We actually ran into the exact same problem while juggling multiple projects and ended up creating Taco - https://tacoapp.com. Taco aggregates your Basecamp, Trello, Asana and 35+ other services into a single screen so you can prioritize your day across multiple services. Works especially well with a new tab Chrome extension.
Haven't found the best way to consolidate applications for real time services. Although, I've found that it hasn't been too difficult to get people to hop on the Slack train. I've been in the same problem with video chat - Google Hangouts, Facetime, GoToMeeting, Skype, etc. Would love to hear what other people use.
Just some feedback - it drives me nuts when services aren't clear what their pricing is. If it's free, fine. If it's paid, fine. If it's free now but you plan on charging later for premium features, fine. But IMO you have to be upfront about it.
There's nothing on the homepage, no pricing page, nothing. It makes me nervous to sign up without this information.
Taco is free for now, but we expect and hope to charge $5-$10/month at some point - cheap enough be a fantastic value for anyone who uses it even occasionally, but also not a free service that you rightly don't want. We're still figuring out when we should flip the switch but in the meantime, you are right, we need to do a better job of explaining possible future pricing.
So the plan is to generate an initial spike in demand from a group of people marginally interested in something they can get for free, then alienate your core users, who would have been happy to pay from the outset, by introducing a fee, but only once the service is sufficiently overburdened supporting free users ? Well they say any plan is better than no plan... but....

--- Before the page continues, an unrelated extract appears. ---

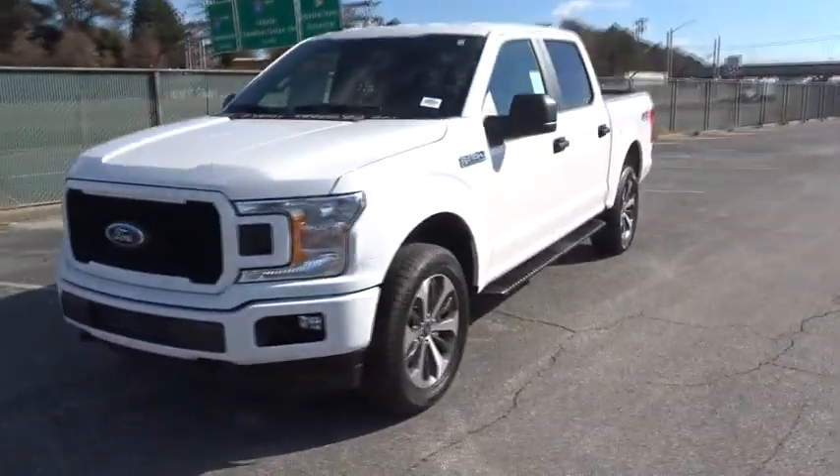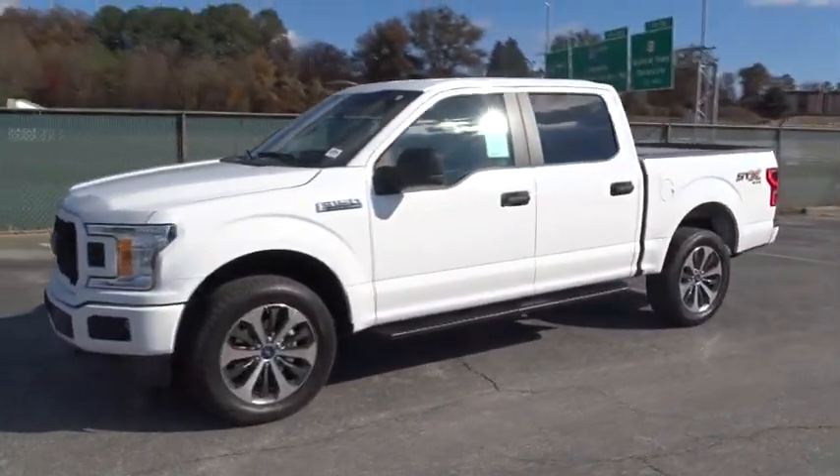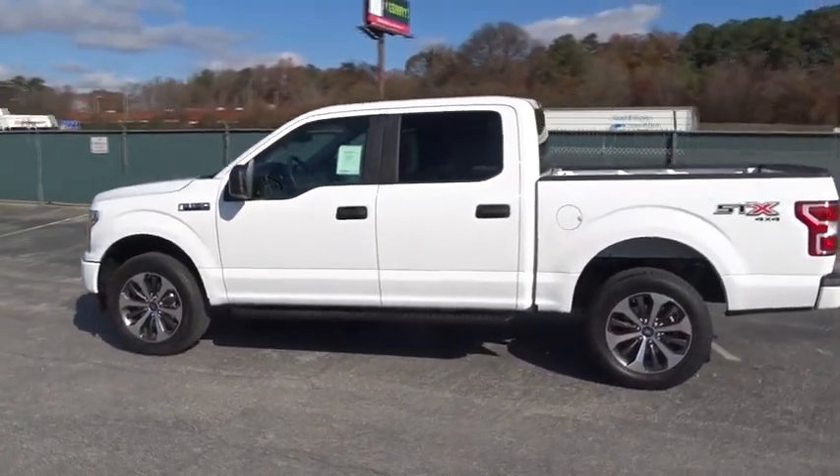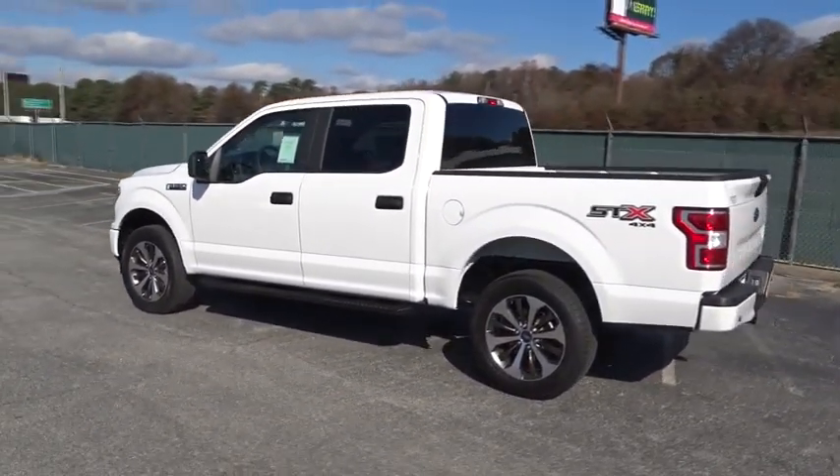2019 Ford F-150. A Ford F-150 knows how to handle any situation. It's built to follow orders. No whining.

Turn this upside down now, think about 100 users paying $50 a month for something they depend on, I bill $100/hr, if you can save me an hour a month I'm winning, once you have $5000 a month every month think about the next 100, keep going, sounds like your product has a use, don't make the free mistake, it's been highlighted here many times, good luck!
+1 on this... I'd say do a 30-day trial period, then around day 25 ask for billing information... If you have tracking/analytics in place you know how many users are returning once signing up, and you have a better indication of conversion after use.

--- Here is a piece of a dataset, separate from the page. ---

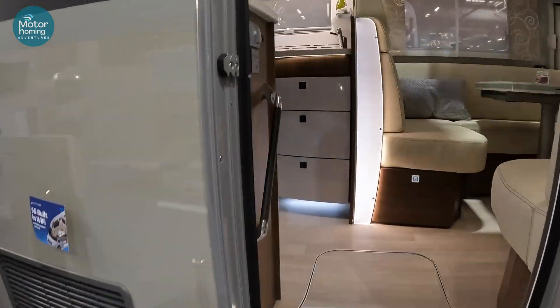Mercedes chassis obviously. Oh, that is lovely. Wow, that is nice. Plenty of little storage options. Beautiful dash. Look at the amount of glass in front of you as well. You could sleep a double bed up there. It's huge.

If you're going to have a free tier, I'd say limit it to N service integrations (3-5), but definitely make your core users paying close to the start.
If I had a need for something like this day to day, I'd definitely pay... Actually, I'd suffer for a while, then try it, then suffer again, then pay... but that's me and I'm kind of cheap/frugal. Most people will start paying once they see and feel the value.

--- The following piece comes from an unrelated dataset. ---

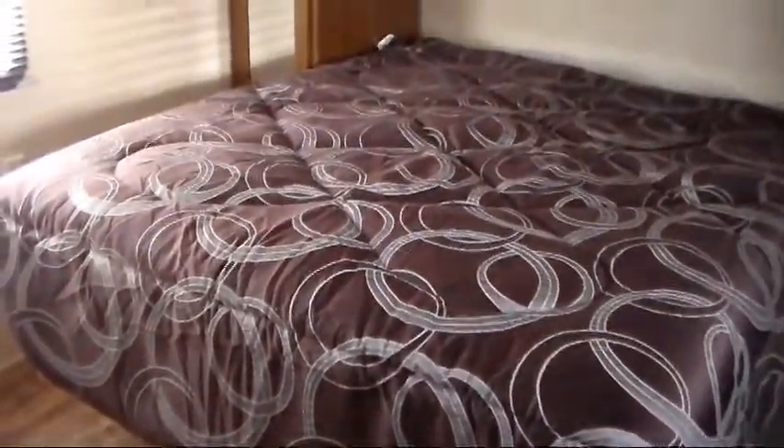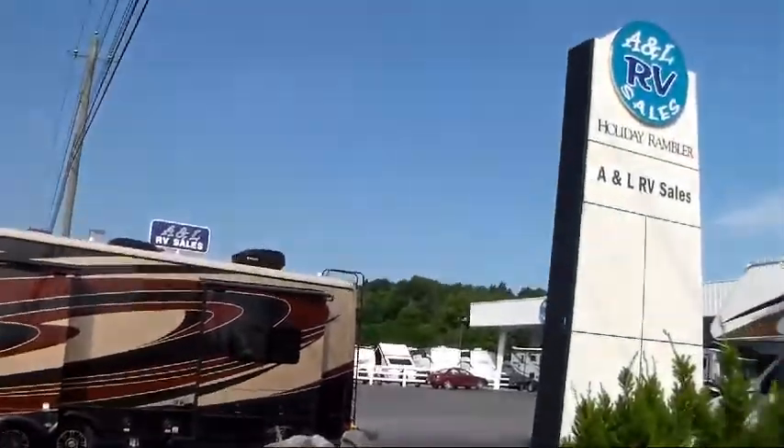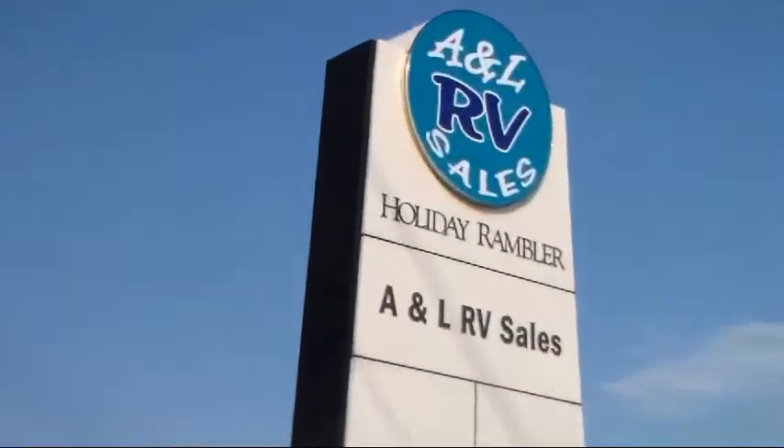For over 19 years, A&L RV Sales has followed a simple principle: offer quality products, back them with quality service, and most of all, make the customer's overall experience as enjoyable and hassle-free as possible.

Also, it's much easier to field requests from a few hundred paying users than thousands of non-paying ones. It's very hard to do conversion from free after the fact... many businesses have failed, burned, burned out, and left their best (paying) users in a lurch following this model.
+1 for all that although I'd be tempted to get the billing info on sign up and offer a 'throwaway' good deal for the uncertain, so, say $50 a month, or try 10 days for $3
You're absolutely right. Right now, there is none, which sucks. As Aral Balkan says well and as I'm sure you know, free is a lie [1]. People should pay for services that they use, and services which get used should be paid. We'll get there. But to answer questions about pricing, it's free until we are comfortable enough to charge.
Yea, this looks interesting. We've managed an internal sprint board with JIRA and treated the customer-facing task tracking systems as inputs and outputs of our sprints.
It'd definitely be nice to replace our internal system with something that was lighter-weight than JIRA and had integrations (bidirectionally) with the customer-facing task tracking systems. I'll run this by the team and we may give it a try.
One question: I don't see pricing or a paid version anywhere on the site. What's the business model for this product?
Trying it out myself. One suggestion for your Chrome App - don't ask for permission to gibberishasdfasdf.cloudfront.com - that stuff is easy to whitelabel. Permissions scare users, especially when there is gibberish.
Actually, we are in the works of releasing a Slack connector. Star a message or DM in Slack and see it as a task in Taco. Taco only asks for and obtains access to your starred messages (on https://api.slack.com/docs/oauth-scopes, "stars:list" and "stars:remove"), not all archives. Shoot us an email at support@tacoapp.com if you'd like to help us test it out!
Haven't found the best way to consolidate applications for real time services. Although, I've found that it hasn't been too difficult to get people to hop on the Slack train. I've been in the same problem with video chat - Google Hangouts, Facetime, GoToMeeting, Skype, etc. Would love to hear what other people use.